Au Centre de promotion familiale de Noisy-le-Grand, ATD Quart Monde pratique l’accompagnement des locataires pour éviter les risques d’expulsions.

Anne Lequenne, Christophe Géroudet et Jean Cantin animent le Centre de promotion familiale de Noisy-le-Grand. Ce centre d’hébergement et de réinsertion sociale (CHRS) est atypique : ici, les résidents qui viennent de la rue ou d’hôtels sociaux peuvent rester le temps nécessaire avant de rejoindre un logement social et les locataires sont accompagnés socialement. “À Noisy, on fait de la prévention d’expulsion”, explique Christophe Géroudet. “Quand on a connaissance, par le bailleur, qu’une famille hébergée dans notre CHRS commence à accumuler les impayés de loyers, on intervient rapidement pour éviter que la dette engloutisse les locataires. » « On cherche à comprendre les raisons de ces impayés, car l’exclusion sociale brouille tous les réflexes : payer son loyer chaque mois, faire un virement, utiliser les outils numériques… plus rien n’est évident”, confirme Jean Cantin.

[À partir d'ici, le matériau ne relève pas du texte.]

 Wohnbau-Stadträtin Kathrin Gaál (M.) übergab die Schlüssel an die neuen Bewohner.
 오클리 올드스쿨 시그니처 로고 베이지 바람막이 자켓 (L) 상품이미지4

Tous les partenaires sociaux le notent : en cas de difficulté de paiement du loyer, le premier réflexe est de se replier sur soi et le cercle infernal s’enclenche… La dette gonfle, les aides au logement sont suspendues et le processus d’expulsion se met en marche. Or, la solution est d’oser en parler au bailleur et demander de l’aide : plus on intervient tôt plus rapide sera la solution. Mais la démarche doit partir de la famille. “On est là pour les aider à ne plus être victime et à apprendre à reprendre leur vie en main, mais on n’est pas une assurance tout risque et si on ne parvient pas à dialoguer avec le locataire, la procédure d’expulsion suit son cours malgré nous”, soulignent Christophe et Jean. Au Centre de promotion familiale de Noisy-le-Grand, l’accompagnement social se prolonge jusqu’au bout, ce qui a permis depuis des années, d’éviter les expulsions.

 

Arrêt Winterstein

En 2013, la Cour européenne des droits de l’Homme, saisie par 25 personnes expulsées d’un terrain situé à Herblay dans le Val d’Oise et le Mouvement ATD Quart Monde, a condamné la France en estimant que l’État n’avait pas pris en compte les atteintes à la vie familiale et qu’aucune solution de logement n’avait été recherchée. La Cour avait alors rappelé que “la perte d’un logement est une atteinte des plus graves au droit au respect du domicile”.

Cet arrêt peut être utilisé devant la justice par les personnes en grande précarité qui sont menacées d’expulsion, au stade de la prévention ou devant le tribunal.

 

ATD Quart Monde conteste un décret scandaleux

Dans un décret publié en juillet 2023, le gouvernement autorise la location de locaux jugés jusqu’alors indécents et insalubres et donc interdits à l’habitation. Des logements en sous-sol d’1m80 sous plafond, de moins de 2m de large ou encore avec une salle d’eau à 30 m de distance, et donc potentiellement dans un autre bâtiment, peuvent donc désormais être loués. L’association Droit au logement a fait un recours devant le Conseil d’État pour obtenir l’annulation de ce texte. ATD Quart Monde, comme la Fondation Abbé Pierre et le Secours Catholique, ont décidé de soutenir ce recours pour défendre le droit à un logement décent.

 

Cet article est extrait du Journal d’ATD Quart Monde d’avril 2024.